Seb and Mario were worried. I think Mario was shitting himself, considering I haven't come out of my room for two weeks and I didn't say a single word. In the meantime, I just showered, hoping the scratches and bruises would wash away and go down the drain like the rest of my problems. They didn't.

I stood in the bathroom, infront of the mirror, my shirt up while I pressed ice on my inflamed ribs. I couldn't move, I couldn't breathe in or out, I couldn't even have a smoke.

"Mandy, school." Seb walked by the bathroom, not caring to shoot one glance at me as he took a swig of his beer.

I never liked it when he drank in the morning. But he was still pissed. But of course, he was worried at the same time which led him to. He didn't know about what happened; I plan to keep it like that.

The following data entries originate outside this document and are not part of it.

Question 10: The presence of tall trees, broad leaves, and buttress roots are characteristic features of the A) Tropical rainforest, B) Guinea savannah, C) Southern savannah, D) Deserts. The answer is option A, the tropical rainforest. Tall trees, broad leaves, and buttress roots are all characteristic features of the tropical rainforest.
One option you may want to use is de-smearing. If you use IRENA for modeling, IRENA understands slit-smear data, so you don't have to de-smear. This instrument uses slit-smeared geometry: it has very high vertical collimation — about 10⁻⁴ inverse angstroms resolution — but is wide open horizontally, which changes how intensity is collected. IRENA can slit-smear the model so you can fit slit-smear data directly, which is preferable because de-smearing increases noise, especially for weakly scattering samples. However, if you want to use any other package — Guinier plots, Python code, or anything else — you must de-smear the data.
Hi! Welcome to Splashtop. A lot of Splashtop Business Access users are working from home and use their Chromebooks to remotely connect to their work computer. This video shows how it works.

My hands went to my shirt, pulling it off and setting the small bag of melted ice to the side. I headed out of the bathroom and into my room, my arms securely around my ribs as if they were on their last strings.

There was still the bitter taste of my own stomach acid and blood lingering on my tongue from this morning. Once I had my ribs kicked in, I felt sick since. It was never a good feeling.

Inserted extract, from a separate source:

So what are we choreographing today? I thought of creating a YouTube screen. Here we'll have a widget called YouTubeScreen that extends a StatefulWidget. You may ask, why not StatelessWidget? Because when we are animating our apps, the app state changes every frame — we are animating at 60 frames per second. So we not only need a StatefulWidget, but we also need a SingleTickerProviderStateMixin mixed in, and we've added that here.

I walked to my closet, slowly unhooking my bra as I pulled it down my arms, and started searching my closet.

☠︎︎ 𝚃𝙾𝙼'𝚂 𝙿𝙾𝚅

My eyes were stuck on her as I pulled on my shirt, noticing how skinny she had become compared to the clothes she wore just months ago. My eyes drifted down her body, focusing on the bruising on her pale skin before I watched her turn to pull on a tank top, my eyebrows furrowing at the sight of her bruised ribs.

And then, again, I watched her carefully. My eyes lingered on her body, my fingers twitching before I turned away.

Fuck, I hated feeling like this.

"Bill, lets go," I sighed, walking out of my room and turning to face him. "Lets go lets go lets go."